[BENCHMARK DATASET REQUEST] Danish Similarity Outlier Detection
Dataset name
Danish Similarity Outlier Detection
Dataset link
https://github.com/kuhumcst/danish-semantic-reasoning-benchmark/tree/main/similarity
Dataset languages
- [x] Danish
- [ ] Dutch
- [ ] English
- [ ] Faroese
- [ ] French
- [ ] German
- [ ] Icelandic
- [ ] Italian
- [ ] Norwegian (Bokmål or Nynorsk)
- [ ] Spanish
- [ ] Swedish
Describe the dataset
The dataset measures the ability to find the outlier among a list of words (which word is the least similar to the rest). Some examples:
- ['droge', 'bregnerod', 'medicinbrug', 'kinabark', 'lægeurt', 'salvie']
- ['kontantautomat', 'pengeautomat', 'dankortautomat', 'hæveautomat', 'bankomat', 'skranke']
- ['nationalitet', 'rige', 'nation', 'stat', 'land', 'enkeltstat']
The data is extracted from The Danish Thesaurus as part the Danish Semantic Reasoning Benchmark.
The dataset tests the ability to distinguish word senses / meanings in Danish on different granularities on a broad selection of the vocabulary and thereby a combination of Danish skills and word knowledge is required to solve the task.

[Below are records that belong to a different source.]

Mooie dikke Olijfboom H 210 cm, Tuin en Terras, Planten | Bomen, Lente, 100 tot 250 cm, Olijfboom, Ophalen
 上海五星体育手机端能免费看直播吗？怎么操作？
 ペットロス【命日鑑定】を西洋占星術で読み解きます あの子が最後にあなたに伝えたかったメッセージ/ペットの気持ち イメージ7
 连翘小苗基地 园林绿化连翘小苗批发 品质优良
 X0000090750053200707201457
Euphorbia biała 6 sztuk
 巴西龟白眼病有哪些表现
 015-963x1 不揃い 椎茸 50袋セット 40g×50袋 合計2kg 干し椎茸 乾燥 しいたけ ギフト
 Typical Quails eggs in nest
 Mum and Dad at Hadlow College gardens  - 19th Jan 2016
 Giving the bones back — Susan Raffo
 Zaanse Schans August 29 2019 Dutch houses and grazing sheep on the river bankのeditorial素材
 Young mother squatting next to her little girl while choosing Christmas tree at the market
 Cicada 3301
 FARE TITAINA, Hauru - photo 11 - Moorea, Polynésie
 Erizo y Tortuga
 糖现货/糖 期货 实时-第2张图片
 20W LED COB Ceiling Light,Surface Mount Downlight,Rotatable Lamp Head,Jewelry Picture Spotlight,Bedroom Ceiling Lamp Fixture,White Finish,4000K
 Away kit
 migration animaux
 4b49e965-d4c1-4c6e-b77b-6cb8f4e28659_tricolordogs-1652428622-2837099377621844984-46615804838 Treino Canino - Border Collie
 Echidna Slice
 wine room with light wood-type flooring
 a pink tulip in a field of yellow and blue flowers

There are three granularities (coarse, medium, fine), but I would start with medium or coarse.
Looks good! We could formulate it as a multiple-choice task with 6 choices, in which case it fits in with the existing tasks. This would fit in the knowledge category I'd reckon.
Great! Do you need anything more from us?
Hi @Linguistcoder
I just had a look at your dataset, but I can not open https://github.com/kuhumcst/danish-semantic-reasoning-benchmark/blob/main/similarity/similarity.zip as I don't have the required password. Would you be able to share the password or consider making this file publicly available?